| Abstract: | Dyadem, a provider of product quality management software, jumps from the desktop to enterprise-wide deployments with the debut of its Stature product. |
| Keywords: | New product introductions, quality management, product risk management, FMEA, failure modes and effects analysis, fault tree analysis, FTA, Dyadem, Stature, FMEA methodology, process design, bill of compliance |
With the debut of its Stature product, quality management software provider Dyadem International Ltd. is giving manufacturers a new enterprise-level tool for ensuring the quality of their products and manufacturing processes.
The Stature application works in conjunction with Dyadem's existing applications for managing product and process quality throughout their lifecycles, including the company's core FMEA Pro program, the backbone of which is the half-century-old failure modes and effects analysis (FMEA) methodology for product and process risk analysis. This codified system aims to identify potential product failure and defects at both the design and manufacturing stages, thereby avoiding hazardous situations for end customers and manufacturing operations personnel alike.
The FMEA process involves a manufacturer's design teams as well as its manufacturing personnel, and is in use at NASA, Cisco, Intel, and hundreds of other companies, said Kevin North, president and CEO of Dyadem.
"You can't find a company that manufactures anything with any degree of complexity that doesn't do FMEA both at the design and the process side of the business," North told Managing Automation in an interview.
FMEA Pro's capabilities include industry-standard risk ranking; recommendation management; pre-loaded and customer-create knowledge libraries; reporting features; and administrative record keeping.
Although the vast majority of Fortune 500 companies have adopted Dyadem technology, it remained a desktop application for more than a decade. The release of Stature, which in most instances will be deployed on premises and accessed via a Web interface by employees and partners across a company's supply chain, underscores the vendor's push to treat product and process risk mitigation as an enterprise-wide, collaborative process.
Alison Smith, senior research analyst at AMR Research, likens Dyadem's technology approach to a "bill of compliance," something that has not seen wide adoption in manufacturing, but should, she told Managing Automation.
"Nobody has looked at quality as a lifecycle process. It's been very disconnected," she explained. Various software applications, including PLM and ERP, own pieces of the product risk management process, but there is no system of record, "and that's why it's a mess," Smith concluded.
"We've been a desktop risk management software company for most of our history," North said, "and what we wanted to do was get into larger-footprint installs, bigger implementations, and utilize some of the project management elements of the methodologies ... to get into different departments that were non-traditional for us." Those include procurement and other functions central to the supply chain.
From its roots as a risk management software provider to the chemicals and oil and gas industries in the 1990s, Dyadem extended its focus five years ago to new verticals. The company used its knowledge of key risk management methods, such as FMEA and fault-tree analysis (FTA) — FTA Pro is another of its products — as a basis for this expansion, creating applications tailored to high tech and electronics, aerospace and defense, automotive, and general manufacturing companies.

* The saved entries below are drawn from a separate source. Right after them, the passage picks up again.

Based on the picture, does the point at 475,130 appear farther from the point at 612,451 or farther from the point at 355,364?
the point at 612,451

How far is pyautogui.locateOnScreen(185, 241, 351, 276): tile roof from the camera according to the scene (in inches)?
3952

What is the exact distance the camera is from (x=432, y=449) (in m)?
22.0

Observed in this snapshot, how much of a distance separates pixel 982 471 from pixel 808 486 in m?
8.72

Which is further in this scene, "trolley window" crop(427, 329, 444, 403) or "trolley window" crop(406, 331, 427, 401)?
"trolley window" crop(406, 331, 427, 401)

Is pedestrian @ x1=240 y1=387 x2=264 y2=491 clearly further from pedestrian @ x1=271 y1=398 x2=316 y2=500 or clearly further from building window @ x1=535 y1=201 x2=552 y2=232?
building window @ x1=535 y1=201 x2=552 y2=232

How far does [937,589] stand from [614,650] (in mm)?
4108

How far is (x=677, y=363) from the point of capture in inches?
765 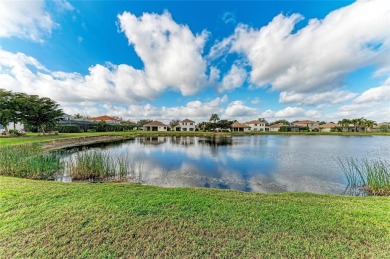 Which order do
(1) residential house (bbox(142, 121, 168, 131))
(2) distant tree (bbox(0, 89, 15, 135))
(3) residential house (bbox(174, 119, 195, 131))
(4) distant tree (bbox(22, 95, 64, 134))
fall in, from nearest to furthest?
(2) distant tree (bbox(0, 89, 15, 135))
(4) distant tree (bbox(22, 95, 64, 134))
(1) residential house (bbox(142, 121, 168, 131))
(3) residential house (bbox(174, 119, 195, 131))

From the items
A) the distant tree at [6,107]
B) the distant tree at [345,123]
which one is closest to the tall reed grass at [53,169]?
the distant tree at [6,107]

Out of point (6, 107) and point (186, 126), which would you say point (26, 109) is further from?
point (186, 126)

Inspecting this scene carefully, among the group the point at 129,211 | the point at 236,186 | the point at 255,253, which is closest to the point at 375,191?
the point at 236,186

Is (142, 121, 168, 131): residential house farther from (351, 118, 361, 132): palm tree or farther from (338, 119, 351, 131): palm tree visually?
(351, 118, 361, 132): palm tree

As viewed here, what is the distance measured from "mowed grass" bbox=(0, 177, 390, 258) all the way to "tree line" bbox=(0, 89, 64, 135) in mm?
27700

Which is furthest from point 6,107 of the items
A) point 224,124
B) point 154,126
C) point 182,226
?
point 224,124

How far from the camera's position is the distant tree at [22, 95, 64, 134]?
25.2 m

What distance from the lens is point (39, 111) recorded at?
26.3m

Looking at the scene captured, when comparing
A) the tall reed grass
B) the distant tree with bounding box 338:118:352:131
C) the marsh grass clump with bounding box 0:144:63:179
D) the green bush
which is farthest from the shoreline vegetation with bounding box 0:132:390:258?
the distant tree with bounding box 338:118:352:131

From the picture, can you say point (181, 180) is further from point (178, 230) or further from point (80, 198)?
point (178, 230)

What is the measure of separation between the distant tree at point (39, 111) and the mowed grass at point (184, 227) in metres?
28.3

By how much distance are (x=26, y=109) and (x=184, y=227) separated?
3346 centimetres

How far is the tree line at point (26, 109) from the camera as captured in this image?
76.4 feet

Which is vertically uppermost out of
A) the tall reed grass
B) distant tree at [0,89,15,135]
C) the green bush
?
distant tree at [0,89,15,135] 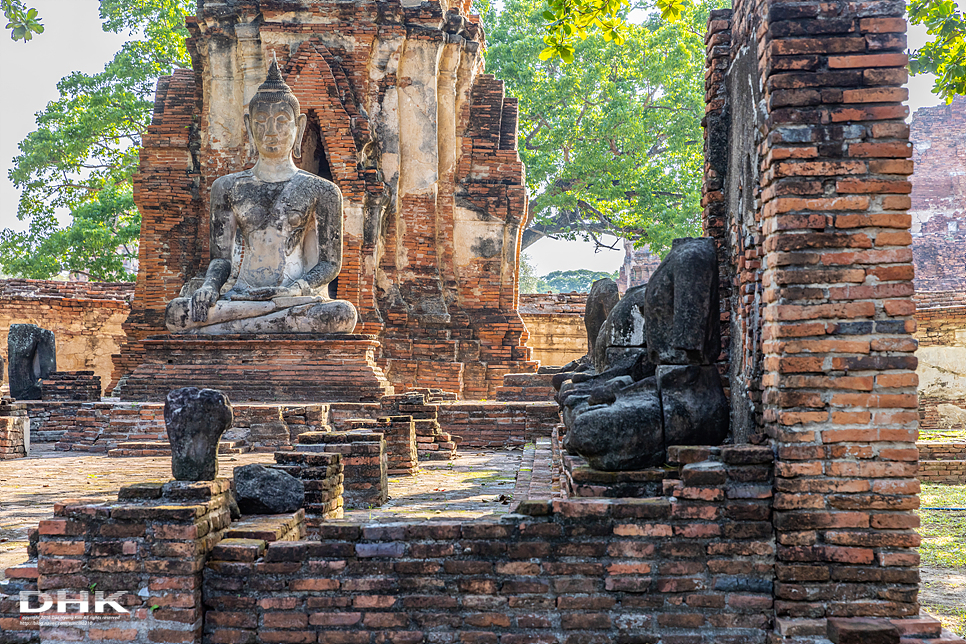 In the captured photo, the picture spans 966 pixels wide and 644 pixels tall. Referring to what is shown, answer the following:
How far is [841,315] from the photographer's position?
10.8 feet

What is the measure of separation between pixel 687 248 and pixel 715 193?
0.72 metres

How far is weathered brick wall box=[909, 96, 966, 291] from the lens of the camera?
26266 millimetres

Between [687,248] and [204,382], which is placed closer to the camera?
[687,248]

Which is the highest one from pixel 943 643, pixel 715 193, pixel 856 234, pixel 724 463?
pixel 715 193

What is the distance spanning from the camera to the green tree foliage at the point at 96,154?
19625 millimetres

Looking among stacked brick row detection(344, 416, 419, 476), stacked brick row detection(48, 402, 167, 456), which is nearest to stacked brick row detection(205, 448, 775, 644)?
stacked brick row detection(344, 416, 419, 476)

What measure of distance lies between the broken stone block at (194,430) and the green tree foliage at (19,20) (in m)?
5.92

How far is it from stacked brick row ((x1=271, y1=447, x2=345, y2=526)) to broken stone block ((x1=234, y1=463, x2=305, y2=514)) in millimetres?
399

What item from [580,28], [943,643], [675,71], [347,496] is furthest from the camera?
[675,71]

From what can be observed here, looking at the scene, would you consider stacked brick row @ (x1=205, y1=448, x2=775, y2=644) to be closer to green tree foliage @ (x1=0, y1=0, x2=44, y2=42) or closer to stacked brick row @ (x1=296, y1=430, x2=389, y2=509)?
stacked brick row @ (x1=296, y1=430, x2=389, y2=509)

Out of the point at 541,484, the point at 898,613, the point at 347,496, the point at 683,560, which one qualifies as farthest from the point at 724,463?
the point at 347,496

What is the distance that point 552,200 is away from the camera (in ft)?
78.2

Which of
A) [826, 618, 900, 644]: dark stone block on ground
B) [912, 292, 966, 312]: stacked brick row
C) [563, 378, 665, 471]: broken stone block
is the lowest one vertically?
[826, 618, 900, 644]: dark stone block on ground

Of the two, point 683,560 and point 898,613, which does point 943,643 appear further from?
point 683,560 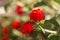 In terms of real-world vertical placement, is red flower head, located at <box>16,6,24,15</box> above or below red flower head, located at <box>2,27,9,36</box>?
above

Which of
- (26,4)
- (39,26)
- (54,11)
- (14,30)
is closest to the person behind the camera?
(39,26)

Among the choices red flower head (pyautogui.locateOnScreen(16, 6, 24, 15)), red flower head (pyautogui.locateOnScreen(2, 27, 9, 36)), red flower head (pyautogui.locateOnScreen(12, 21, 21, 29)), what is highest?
red flower head (pyautogui.locateOnScreen(16, 6, 24, 15))

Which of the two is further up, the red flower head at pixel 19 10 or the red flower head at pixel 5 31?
the red flower head at pixel 19 10

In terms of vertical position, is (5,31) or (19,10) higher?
(19,10)

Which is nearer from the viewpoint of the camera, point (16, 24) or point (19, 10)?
point (16, 24)

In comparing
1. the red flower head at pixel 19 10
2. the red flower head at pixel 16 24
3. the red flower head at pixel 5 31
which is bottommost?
the red flower head at pixel 5 31

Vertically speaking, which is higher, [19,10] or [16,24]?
[19,10]

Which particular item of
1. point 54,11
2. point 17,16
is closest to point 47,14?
point 54,11

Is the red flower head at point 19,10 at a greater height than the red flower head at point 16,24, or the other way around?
the red flower head at point 19,10

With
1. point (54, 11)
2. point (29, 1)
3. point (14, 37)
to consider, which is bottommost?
point (14, 37)

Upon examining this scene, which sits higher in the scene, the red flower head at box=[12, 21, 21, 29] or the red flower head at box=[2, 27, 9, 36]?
the red flower head at box=[12, 21, 21, 29]

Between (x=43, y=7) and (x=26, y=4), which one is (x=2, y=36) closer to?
(x=26, y=4) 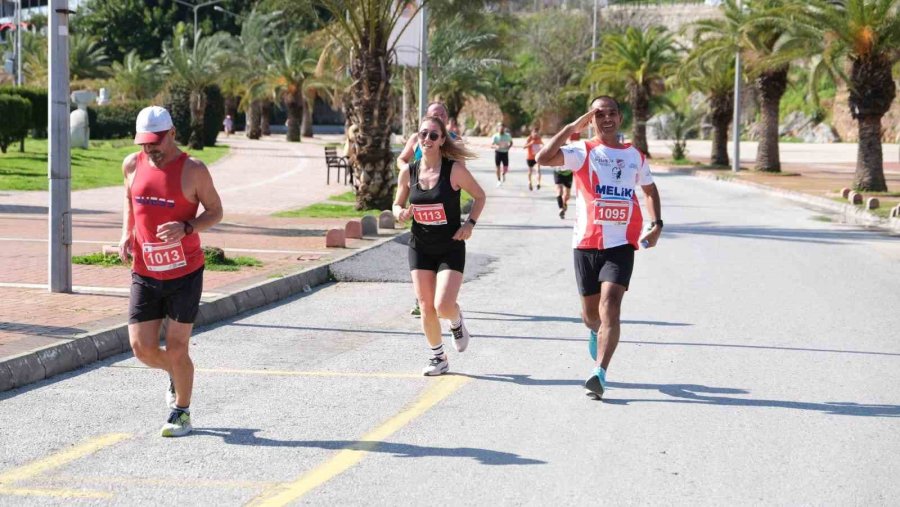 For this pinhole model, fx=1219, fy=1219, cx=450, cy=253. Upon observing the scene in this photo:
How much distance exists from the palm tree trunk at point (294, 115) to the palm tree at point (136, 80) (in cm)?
848

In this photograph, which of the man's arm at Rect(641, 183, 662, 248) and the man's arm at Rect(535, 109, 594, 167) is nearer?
the man's arm at Rect(535, 109, 594, 167)

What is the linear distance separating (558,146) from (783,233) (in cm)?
1356

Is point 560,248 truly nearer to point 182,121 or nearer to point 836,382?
point 836,382

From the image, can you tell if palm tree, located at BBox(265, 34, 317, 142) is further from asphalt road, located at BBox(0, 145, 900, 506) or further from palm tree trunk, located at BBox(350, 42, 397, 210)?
asphalt road, located at BBox(0, 145, 900, 506)

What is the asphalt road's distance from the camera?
19.0 ft

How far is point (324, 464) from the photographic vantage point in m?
6.15

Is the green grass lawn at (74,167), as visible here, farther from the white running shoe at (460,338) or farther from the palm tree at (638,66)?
the white running shoe at (460,338)

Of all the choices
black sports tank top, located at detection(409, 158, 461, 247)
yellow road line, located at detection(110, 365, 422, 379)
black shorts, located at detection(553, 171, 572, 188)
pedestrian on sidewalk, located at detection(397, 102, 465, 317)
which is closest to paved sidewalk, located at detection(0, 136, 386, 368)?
yellow road line, located at detection(110, 365, 422, 379)

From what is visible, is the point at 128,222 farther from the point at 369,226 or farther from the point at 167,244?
the point at 369,226

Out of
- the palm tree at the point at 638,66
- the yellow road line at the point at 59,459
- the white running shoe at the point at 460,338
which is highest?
the palm tree at the point at 638,66

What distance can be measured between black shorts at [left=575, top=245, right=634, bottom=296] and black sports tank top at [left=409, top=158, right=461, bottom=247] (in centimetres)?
95

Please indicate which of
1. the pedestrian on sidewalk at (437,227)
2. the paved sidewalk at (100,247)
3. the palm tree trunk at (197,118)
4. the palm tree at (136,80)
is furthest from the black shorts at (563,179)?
the palm tree at (136,80)

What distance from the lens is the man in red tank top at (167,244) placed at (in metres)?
6.58

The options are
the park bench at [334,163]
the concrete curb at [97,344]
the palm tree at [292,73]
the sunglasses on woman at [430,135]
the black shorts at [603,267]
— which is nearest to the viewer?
the black shorts at [603,267] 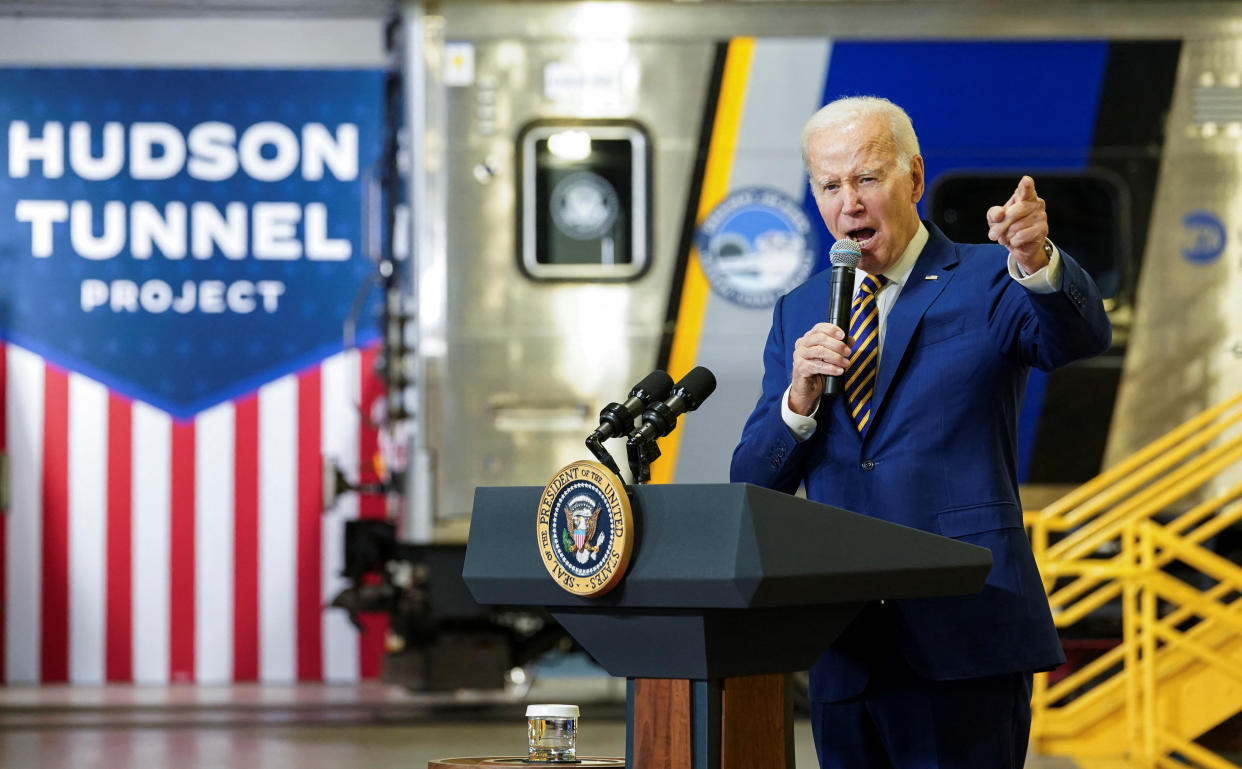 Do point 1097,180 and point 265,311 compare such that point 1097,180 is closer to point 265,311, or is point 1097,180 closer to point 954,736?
point 954,736

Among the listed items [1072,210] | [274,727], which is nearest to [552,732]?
[1072,210]

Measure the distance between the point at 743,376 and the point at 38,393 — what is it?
485 centimetres

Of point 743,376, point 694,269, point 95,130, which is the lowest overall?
point 743,376

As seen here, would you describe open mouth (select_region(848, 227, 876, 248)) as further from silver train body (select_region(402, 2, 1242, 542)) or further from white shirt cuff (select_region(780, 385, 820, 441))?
silver train body (select_region(402, 2, 1242, 542))

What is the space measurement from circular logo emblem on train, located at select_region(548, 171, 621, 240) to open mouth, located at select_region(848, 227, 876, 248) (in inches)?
151

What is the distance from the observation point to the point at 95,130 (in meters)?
8.77

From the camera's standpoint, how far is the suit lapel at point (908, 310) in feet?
6.63

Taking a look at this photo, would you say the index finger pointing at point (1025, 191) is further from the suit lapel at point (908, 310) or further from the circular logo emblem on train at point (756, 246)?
the circular logo emblem on train at point (756, 246)

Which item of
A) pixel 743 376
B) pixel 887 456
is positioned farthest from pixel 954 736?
pixel 743 376

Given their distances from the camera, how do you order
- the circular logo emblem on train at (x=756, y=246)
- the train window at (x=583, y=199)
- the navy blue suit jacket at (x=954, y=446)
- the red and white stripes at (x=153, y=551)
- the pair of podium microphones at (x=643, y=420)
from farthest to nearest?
1. the red and white stripes at (x=153, y=551)
2. the train window at (x=583, y=199)
3. the circular logo emblem on train at (x=756, y=246)
4. the navy blue suit jacket at (x=954, y=446)
5. the pair of podium microphones at (x=643, y=420)

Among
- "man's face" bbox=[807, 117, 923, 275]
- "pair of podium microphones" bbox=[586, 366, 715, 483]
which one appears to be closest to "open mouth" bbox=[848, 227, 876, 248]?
"man's face" bbox=[807, 117, 923, 275]

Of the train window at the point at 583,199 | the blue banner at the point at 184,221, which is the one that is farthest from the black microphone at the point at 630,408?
the blue banner at the point at 184,221

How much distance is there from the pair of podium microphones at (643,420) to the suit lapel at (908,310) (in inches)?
11.2

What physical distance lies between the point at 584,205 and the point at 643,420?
4145 millimetres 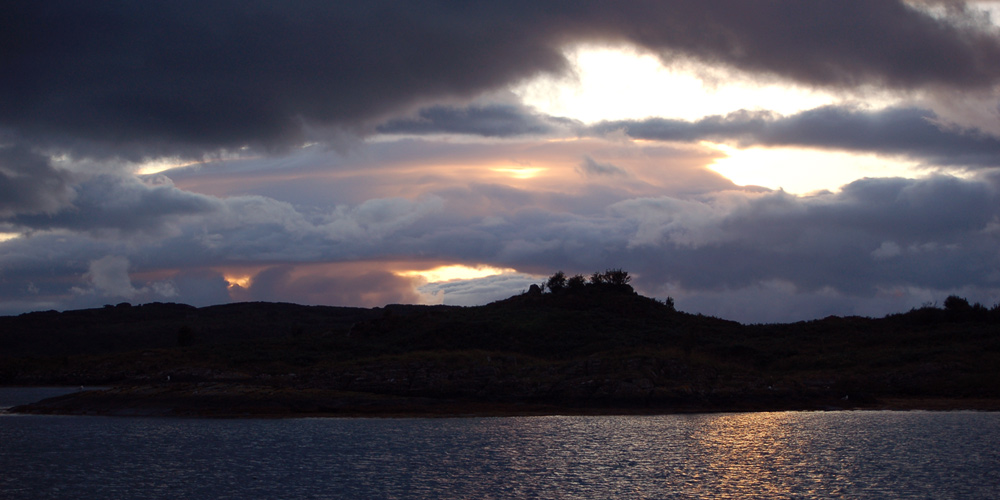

North characterized Dyadem's vertical strategy as very targeted, saying the company did not want to "fight 100 battles," preferring to limit the number of new industrial segments it entered.
As a pioneer in approaching quality management as an end-to-end process, Dyadem does not have many competitors, Smith said. Some, such as Sparta, EtQ, Inc., and Pilgrim Software, tackle one or more elements of product risk management, but Dyadem so far has cornered the market on the lifecycle approach. "They've got the potential to affect a sea change in the way industry thinks about this stuff," she said.